Source Analysis Across Screening Phases
2024-09-02
Source:vignettes/citesource_working_example.rmd
citesource_working_example.rmd
About this vignette
In order to complete a reliable systematic search one must include multiple resources to ensure the inclusion of all relevant studies. The exact number of sources that are necessary for a thorough search can vary depending on the topic, type of review, etc. Along with the selection and search of traditional literature sources, other methods such as hand searching relevant journals, citation chasing/snowballing, searching websites, etc. can be used to minimize the risk of missing relevant studies. But how important is that extra database? How much return are you getting from the weeks worth of combing through websites? Did that open resource perform just perform as well as (or better than) the one your library/institution pays 500k/year for? How much time could you save if you had these answers? Wouldn’t knowing the answers to these questions give us a better understanding of HOW to conduct our searches? Wouldn’t it be great it we could speed up the process without impacting its quality, better yet, improve our understanding while making the process faster?
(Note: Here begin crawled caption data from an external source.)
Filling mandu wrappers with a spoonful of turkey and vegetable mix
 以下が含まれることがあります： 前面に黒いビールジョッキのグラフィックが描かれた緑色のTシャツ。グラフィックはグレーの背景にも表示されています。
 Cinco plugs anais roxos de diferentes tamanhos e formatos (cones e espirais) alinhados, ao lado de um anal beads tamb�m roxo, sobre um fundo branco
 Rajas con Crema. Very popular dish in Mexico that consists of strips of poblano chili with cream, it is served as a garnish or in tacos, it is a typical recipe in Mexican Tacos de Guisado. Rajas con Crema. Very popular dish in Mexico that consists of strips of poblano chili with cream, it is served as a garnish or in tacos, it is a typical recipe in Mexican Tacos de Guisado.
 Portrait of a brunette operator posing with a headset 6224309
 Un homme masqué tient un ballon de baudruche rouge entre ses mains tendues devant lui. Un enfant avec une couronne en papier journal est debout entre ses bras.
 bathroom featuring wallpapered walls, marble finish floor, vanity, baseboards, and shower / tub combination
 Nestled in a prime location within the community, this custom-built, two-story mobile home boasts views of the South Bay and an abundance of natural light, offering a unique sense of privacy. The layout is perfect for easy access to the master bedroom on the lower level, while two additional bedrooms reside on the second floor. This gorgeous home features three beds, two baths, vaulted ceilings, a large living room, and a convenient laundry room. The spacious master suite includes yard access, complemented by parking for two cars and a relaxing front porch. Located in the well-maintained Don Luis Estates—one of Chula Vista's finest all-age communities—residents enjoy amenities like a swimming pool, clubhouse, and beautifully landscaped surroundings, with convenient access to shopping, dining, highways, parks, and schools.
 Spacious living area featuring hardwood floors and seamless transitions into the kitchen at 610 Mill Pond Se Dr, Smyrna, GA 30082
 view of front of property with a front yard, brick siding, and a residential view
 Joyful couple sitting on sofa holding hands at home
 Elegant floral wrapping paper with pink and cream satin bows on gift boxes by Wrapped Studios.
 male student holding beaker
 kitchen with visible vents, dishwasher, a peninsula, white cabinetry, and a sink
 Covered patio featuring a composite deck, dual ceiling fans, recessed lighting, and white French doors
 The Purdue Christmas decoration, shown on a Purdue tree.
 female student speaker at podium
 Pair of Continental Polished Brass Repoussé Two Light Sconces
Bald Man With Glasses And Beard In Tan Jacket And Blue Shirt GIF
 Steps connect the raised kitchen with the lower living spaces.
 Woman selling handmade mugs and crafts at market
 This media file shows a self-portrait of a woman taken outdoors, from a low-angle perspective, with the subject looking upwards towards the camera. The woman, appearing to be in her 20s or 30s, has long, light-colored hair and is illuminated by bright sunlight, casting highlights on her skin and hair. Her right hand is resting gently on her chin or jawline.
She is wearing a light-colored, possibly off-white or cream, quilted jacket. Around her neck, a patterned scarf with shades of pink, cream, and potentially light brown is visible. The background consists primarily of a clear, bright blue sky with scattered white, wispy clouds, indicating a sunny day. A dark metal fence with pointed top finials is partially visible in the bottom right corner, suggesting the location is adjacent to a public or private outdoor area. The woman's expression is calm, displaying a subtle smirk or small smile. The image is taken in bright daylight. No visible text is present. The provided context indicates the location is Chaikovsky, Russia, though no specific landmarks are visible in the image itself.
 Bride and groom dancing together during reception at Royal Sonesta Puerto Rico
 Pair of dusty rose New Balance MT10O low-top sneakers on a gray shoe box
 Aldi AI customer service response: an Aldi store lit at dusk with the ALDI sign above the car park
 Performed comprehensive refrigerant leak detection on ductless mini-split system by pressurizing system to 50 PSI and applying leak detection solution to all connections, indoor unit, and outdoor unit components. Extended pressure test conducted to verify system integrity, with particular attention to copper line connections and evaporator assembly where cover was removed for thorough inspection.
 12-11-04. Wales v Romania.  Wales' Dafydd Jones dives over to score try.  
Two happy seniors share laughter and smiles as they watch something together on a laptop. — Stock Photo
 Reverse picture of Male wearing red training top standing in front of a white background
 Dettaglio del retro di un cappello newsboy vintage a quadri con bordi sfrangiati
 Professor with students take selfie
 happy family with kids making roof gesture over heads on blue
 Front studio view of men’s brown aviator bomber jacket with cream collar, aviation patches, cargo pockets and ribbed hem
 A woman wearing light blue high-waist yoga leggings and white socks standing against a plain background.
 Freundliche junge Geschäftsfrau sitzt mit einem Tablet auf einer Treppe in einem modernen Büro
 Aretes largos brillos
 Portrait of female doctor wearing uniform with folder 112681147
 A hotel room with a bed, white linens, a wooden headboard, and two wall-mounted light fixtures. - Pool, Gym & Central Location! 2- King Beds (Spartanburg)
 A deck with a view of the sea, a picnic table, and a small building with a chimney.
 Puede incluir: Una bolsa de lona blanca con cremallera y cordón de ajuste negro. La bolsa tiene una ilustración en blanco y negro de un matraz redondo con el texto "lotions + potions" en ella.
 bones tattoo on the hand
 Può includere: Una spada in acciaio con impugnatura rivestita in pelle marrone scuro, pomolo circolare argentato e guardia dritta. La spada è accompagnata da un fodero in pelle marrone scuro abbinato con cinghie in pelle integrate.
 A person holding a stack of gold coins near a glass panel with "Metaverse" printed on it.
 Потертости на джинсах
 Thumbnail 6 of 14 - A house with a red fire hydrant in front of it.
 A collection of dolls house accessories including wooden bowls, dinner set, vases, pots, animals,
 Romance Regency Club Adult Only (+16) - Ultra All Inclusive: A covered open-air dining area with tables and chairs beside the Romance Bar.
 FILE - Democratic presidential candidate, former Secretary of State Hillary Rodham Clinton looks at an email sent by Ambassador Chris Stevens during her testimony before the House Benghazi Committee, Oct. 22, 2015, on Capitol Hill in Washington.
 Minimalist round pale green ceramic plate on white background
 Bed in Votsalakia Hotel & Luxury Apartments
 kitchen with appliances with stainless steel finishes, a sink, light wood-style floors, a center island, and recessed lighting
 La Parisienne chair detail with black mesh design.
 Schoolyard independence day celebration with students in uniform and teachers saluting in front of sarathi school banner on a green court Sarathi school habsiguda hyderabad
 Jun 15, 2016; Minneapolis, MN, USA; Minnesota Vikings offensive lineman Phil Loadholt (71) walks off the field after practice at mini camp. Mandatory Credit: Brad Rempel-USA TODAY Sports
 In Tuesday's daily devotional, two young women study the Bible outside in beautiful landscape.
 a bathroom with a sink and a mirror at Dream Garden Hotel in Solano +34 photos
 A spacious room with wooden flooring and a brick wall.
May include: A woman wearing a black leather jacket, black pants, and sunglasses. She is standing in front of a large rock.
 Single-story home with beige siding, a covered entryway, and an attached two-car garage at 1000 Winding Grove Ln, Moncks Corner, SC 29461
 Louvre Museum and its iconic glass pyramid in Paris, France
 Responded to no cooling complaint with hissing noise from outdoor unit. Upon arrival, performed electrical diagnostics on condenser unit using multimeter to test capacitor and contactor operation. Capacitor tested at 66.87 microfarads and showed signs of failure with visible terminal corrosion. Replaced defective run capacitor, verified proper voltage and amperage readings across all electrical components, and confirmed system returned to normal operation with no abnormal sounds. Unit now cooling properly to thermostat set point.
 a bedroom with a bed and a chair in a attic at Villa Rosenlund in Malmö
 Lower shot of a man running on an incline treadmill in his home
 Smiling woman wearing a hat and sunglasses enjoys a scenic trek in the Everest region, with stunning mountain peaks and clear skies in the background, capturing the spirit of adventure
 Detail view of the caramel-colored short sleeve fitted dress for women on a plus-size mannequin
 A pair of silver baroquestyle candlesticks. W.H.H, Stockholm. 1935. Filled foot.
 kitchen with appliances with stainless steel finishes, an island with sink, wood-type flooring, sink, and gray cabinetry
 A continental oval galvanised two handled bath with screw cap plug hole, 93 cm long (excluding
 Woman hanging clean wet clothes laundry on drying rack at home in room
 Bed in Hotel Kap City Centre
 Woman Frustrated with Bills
These were some of the main questions that our team wanted to answer. The goal of this vignette (which we’d love your feedback on) is to show you how CiteSource can help you gather information on the ways sources and methods impact a review. The data in this vignette is based on a subset of data from an actual project. In it, we’ll walk through how CiteSource can import original search results, compare those information sources and methods, and determine how they contributed to the final review.
If you have any questions, feedback, ideas, etc. about this vignette or others be sure to check out our discussion board on github!
1. Installation of packages and loading libraries
Use the following code to install CiteSource. Currently, CiteSource lives on GitHub, so you may need to first install the remotes package. This vignette also uses functions from the ggplot2 and dplyr packages.
#Install the remotes packages to enable installation from GitHub
#install.packages("remotes")
#library(remotes)
#Install CiteSource
#remotes::install_github("ESHackathon/CiteSource")
#Load the necessary libraries
library(CiteSource)
library(dplyr)
2. Import Reference Files and Add Custom Metadata
Users can import multiple .ris or .bib files into CiteSource, which they can then label with three custom metadata fields: cite_source, cite_string, and cite_label.
Using the cite_source field, the user can label individual files with source information such as database or platform. Beyond source information, users may also use the cite_source field to provide search results using various search methodologies.
The second field, cite_label, can be used to apply yet another variable. This label was intended to be used in combination with the label cite_source, to track the inclusion or exclusion of citations from a specific source over the course of title/abstract and full text screening.
As a note, CiteSource does provide a third metadata field, cite_string, which can be used to specify another attribute or variable. For example, a use of cite_source and cite_string may be to examine the unique and crossover citations that occur between databases, while simultaneously evaluating unique search string results. While it’s possible to use cite_string, we have not fully integrated this third field into any of our tables and plots and it is not used in this vignette. As we continue to develop CiteSource and get feedback from users, we’ll continue to update this and other vignettes.
Indicate file location
#Import citation files from a folder
citation_files <- list.files(path = file.path("../vignettes/working_example_data"), pattern = "\\.ris", full.names = TRUE)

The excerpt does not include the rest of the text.